Self-With-Others is a psychophysical approach to training performers in the context of ensemble. It trains each individual by facilitating encounters with him/herself in evolving and dynamic relationship with others.

SWO concerns ‘self’, ‘others’ and, crucially, the mechanisms of being ‘with’.

SWO is a principle-based approach to training. It offers participants am interlocking suite of ways of thinking about themselves, about relationship with others, about the act of performing. The core principles are simple ‘attitudinal’ guides that help a performer – under the pressure of the live moment – to be reactive, present, live and fearless.

SWO is focussed on developing liveness, presence, charisma and fearless reactivity.

SWO is based on fixed and improvisational structures that allow a trainee to encounter, explore and manipulate core principles while engaged in disciplined physical task. The trainee encounters the dominant or habitual structures of her/his thinking – ‘thought paradigms’ – by observing how she responds to unfamiliar tasks. The core principles embedded in SWO challenge him/her to alter existing thought paradigms that impede the free-flow of impulse, and hinder detailed engagement with the unfolding moment of performance.

Frequently the training is experienced as a via negitiva, involving the eradication of blockages to effective use of the self, rather than as a process of acquiring skills.

Through observing her/himself in action, a trainee encounters the structures of his/her thought. By altering the structure or protocols of thinking, the trainee develops his/her capacity efficiently to pay attention and react to physical task. This is the heart of the psychophysicality- the holistic training of mind and body as an inter-dependent organism.

SWO is a pedagogical approach based on a simple five part learning journey:

Experience – Recall – Reflect – Analyse – Synthesise.

Part of the discipline SWO encourages in performers is the separation of each of these stages – that a performer not think about her/his work while s/he should be focusing on the experiencing of that work. This encourages liveness, presence and spontaneity of reaction.
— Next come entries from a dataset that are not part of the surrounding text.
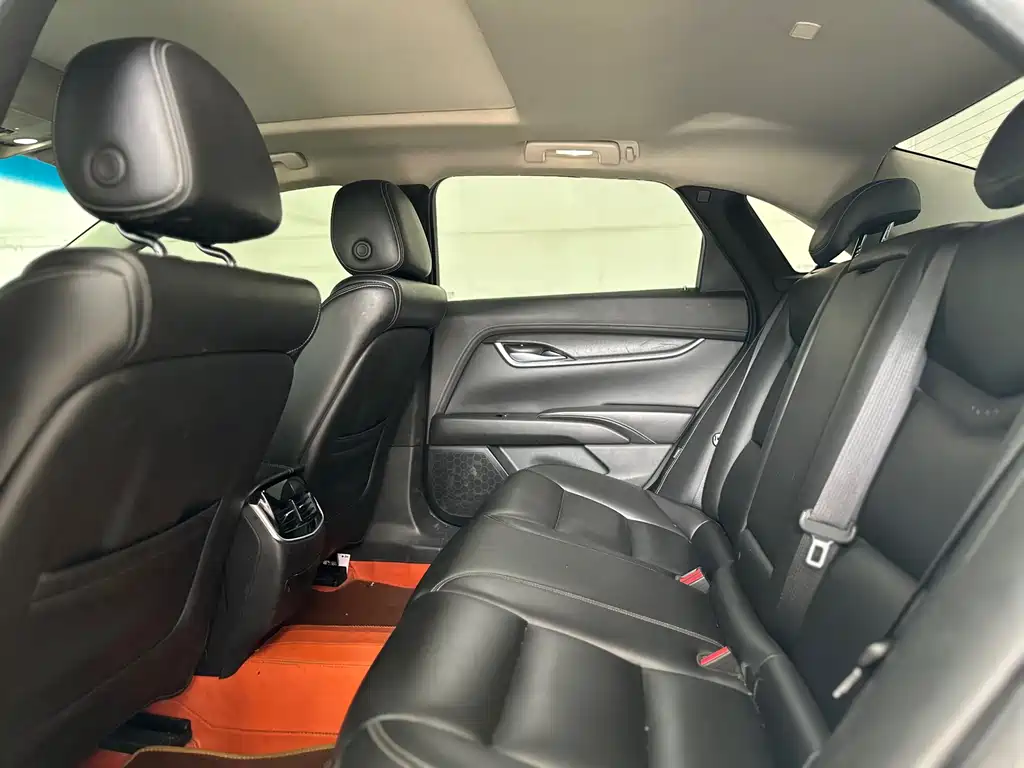 Cadillac XTS 2018 28T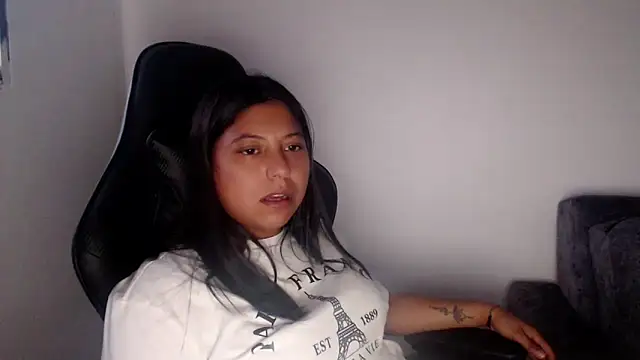 Leylafourniert online show from 05/24/26, 07:47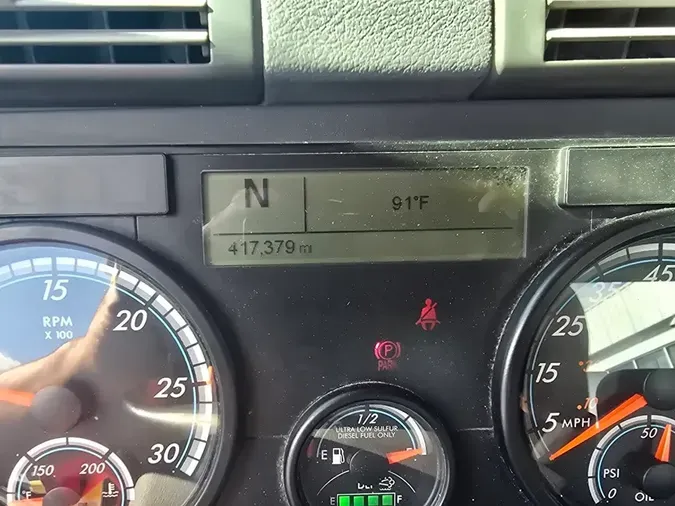 2019 FREIGHTLINER CASCADIA 113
SWO operates across three domains of learning simultaneously. They are referred to as:

1. The Use of the Self – encounters with the bodymind in action.
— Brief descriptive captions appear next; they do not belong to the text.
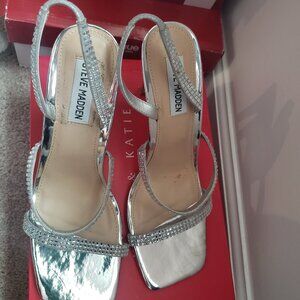 Steve Madden Gracey Rhinestone strappy sandal. Women's 9.5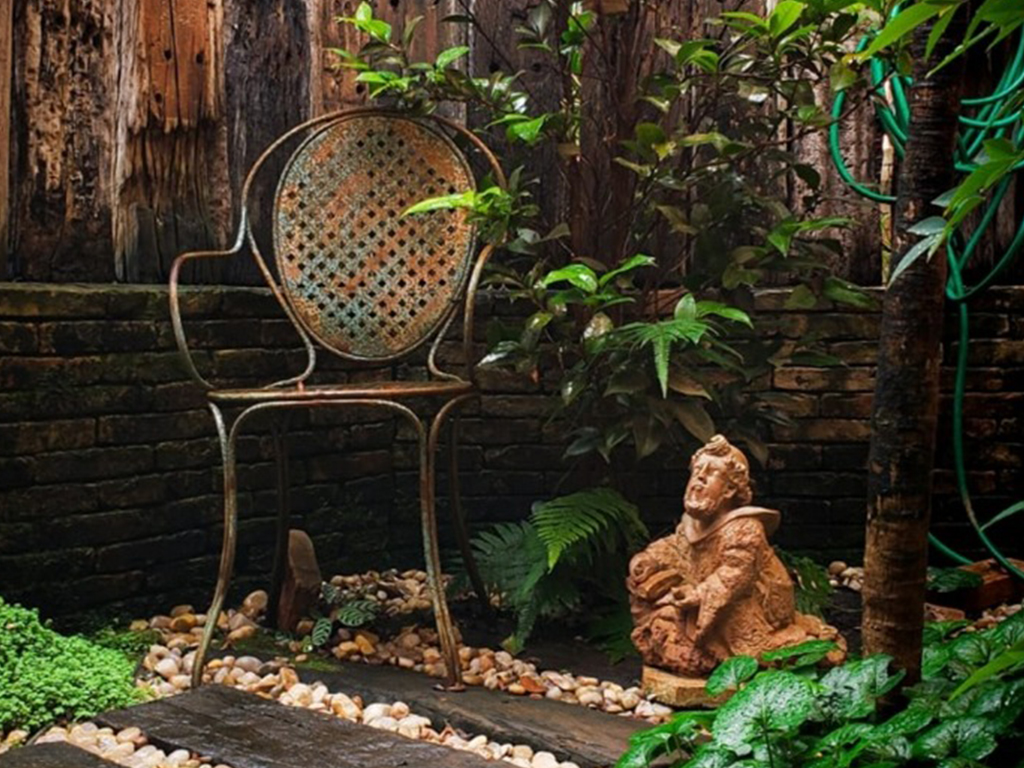 Jardim Vertical: Guia Completo para Otimizar Seu Espaço Pequeno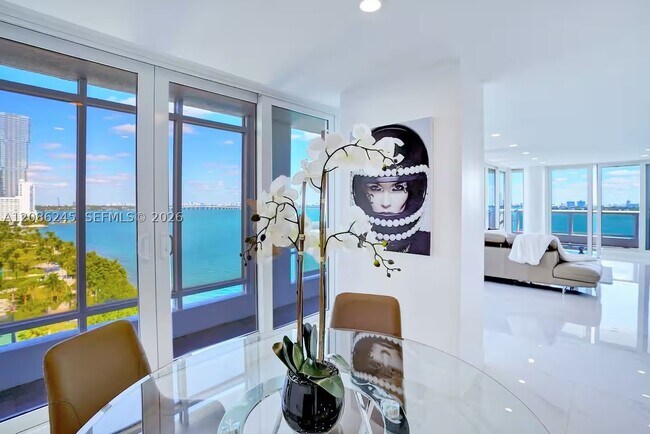 Building Photo - 1717 N Bayshore Dr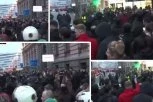DRŽAVO REAGUJ! BLOKADERI ISPRED REKTORATA NAVIJAJU ZA UČK! (VIDEO)
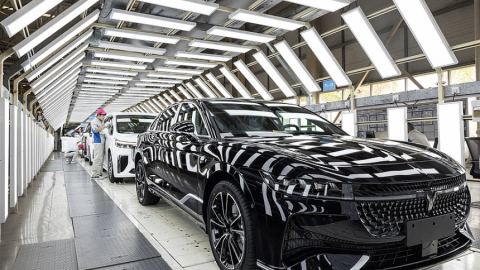 Китай си постави за цел продажбите на автомобили за 2025 г. да достигнат 32,3 млн. бройки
2. Models & Metaphors – each exercise as a model of, or metaphor for other activities.

3. Principles – encountering and embodying SWO’s core principles within the flow of action/reaction.
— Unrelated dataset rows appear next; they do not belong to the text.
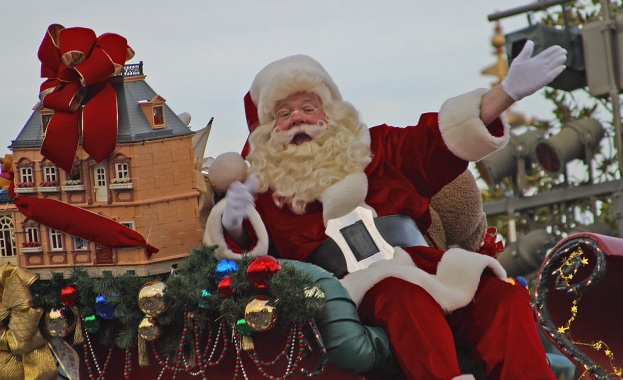 Хиляди, облечени като Дядо Коледа, се надбягват в Атина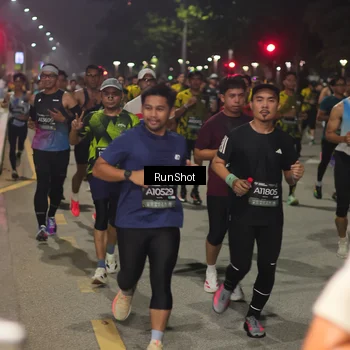 Runner Photo 7061989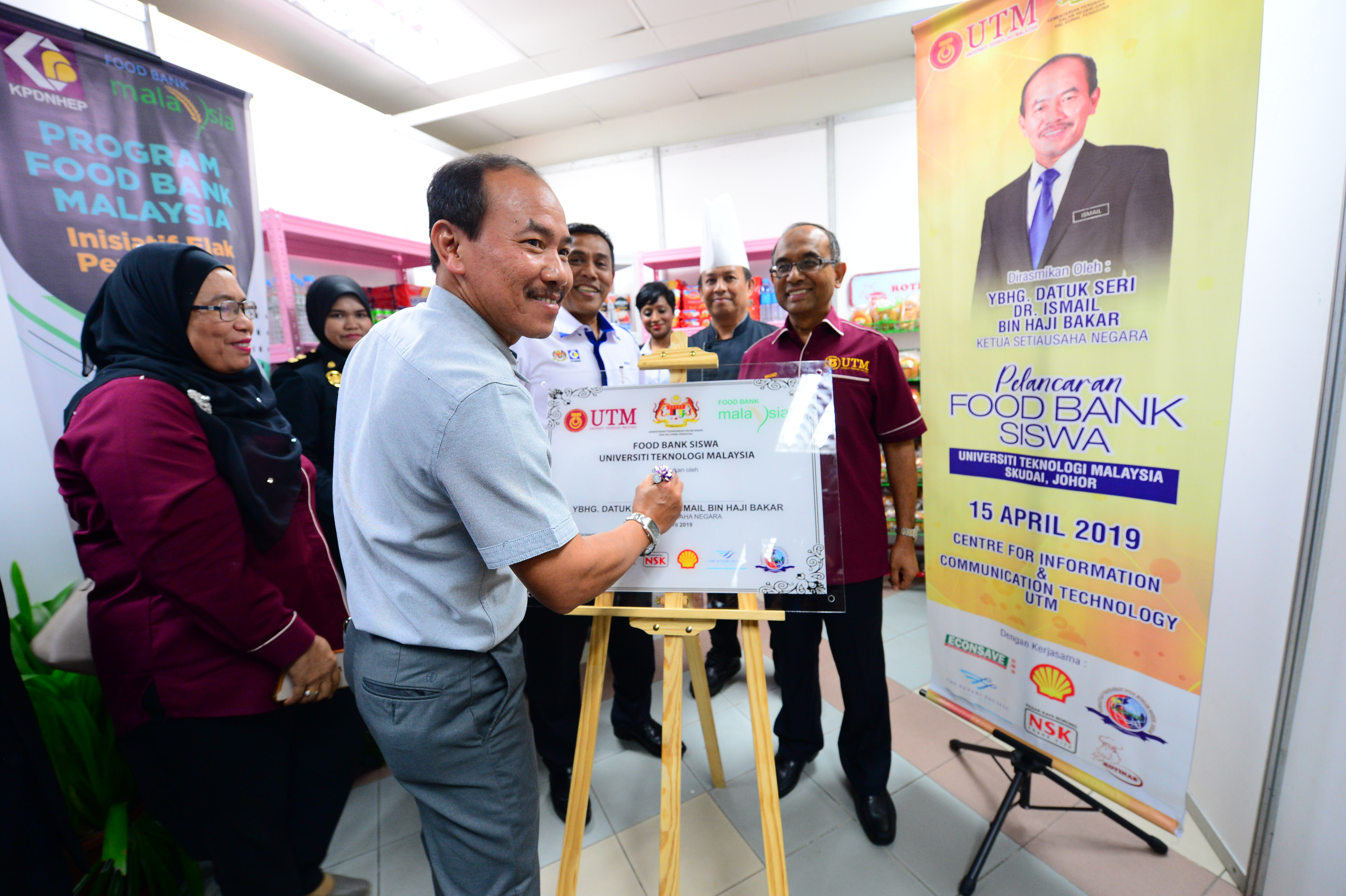 Read more about the article Universiti Teknologi Malaysia Skudai (UTM) Food Bank Siswa Program Launching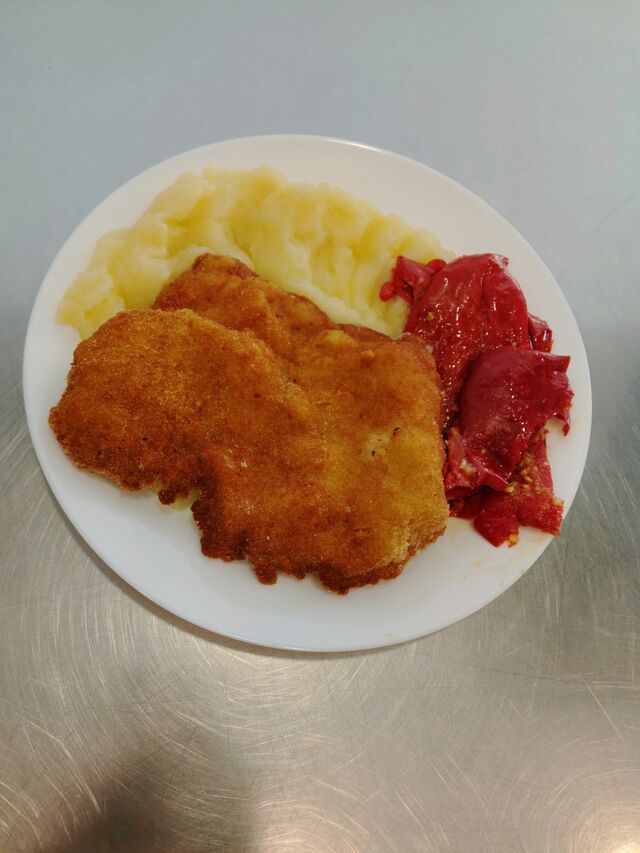 Bečki odrezak sa krumpir pireom i salatom od pečene paprike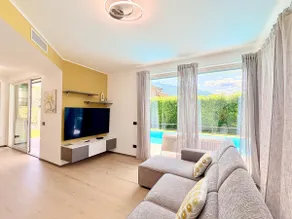 Soak in Luxury Rooftop Jacuzzi Lakefront - Image 3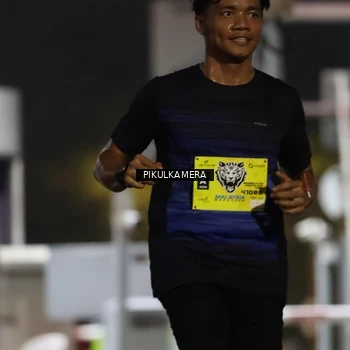 Runner Photo 7079346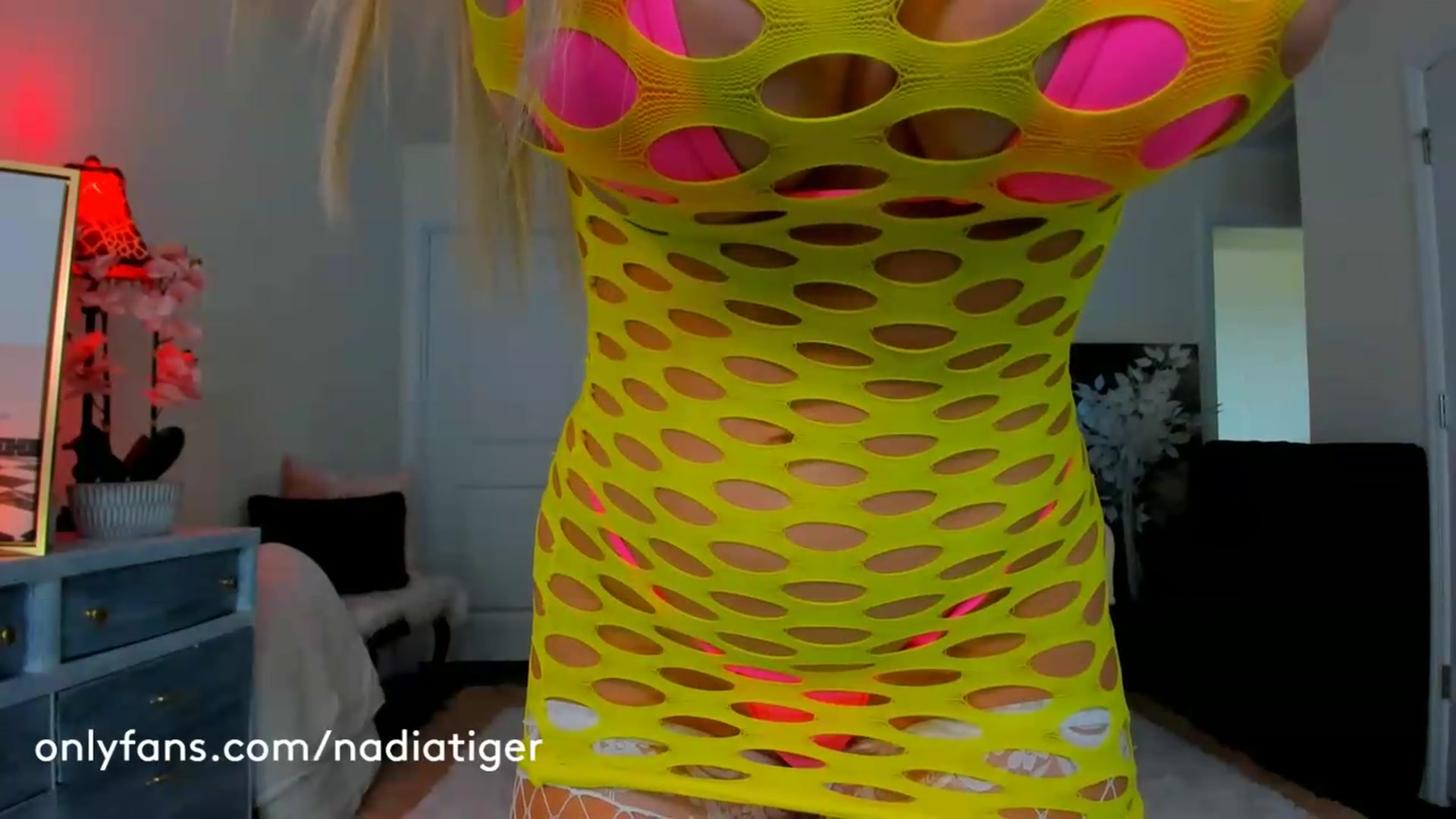 Gallery image thumbnail from NadiaTiger's myfreecams stream on, 06/20/2026, 24:21 image 6 of 20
Britton has developed the training through extended periods of practical research with ensembles in a number of countries, especially Australia, Greece and the UK. He cites two key influences, or lineages of training. The first is the work that emerged from the Laboratory Theatre movement in Europe in the twentieth century, most particularly as researched by Grotowski and Barba. The second is the work that emerged from the world of Dance Improvisation in the US in the later half of the twentieth century – especially as developed and transmitted by Al Wunder, with whom Britton worked for a number of years while living in Melbourne.

SWO is further understood by Britton’s reading of Flow Theory (Cszikszentmihalyi).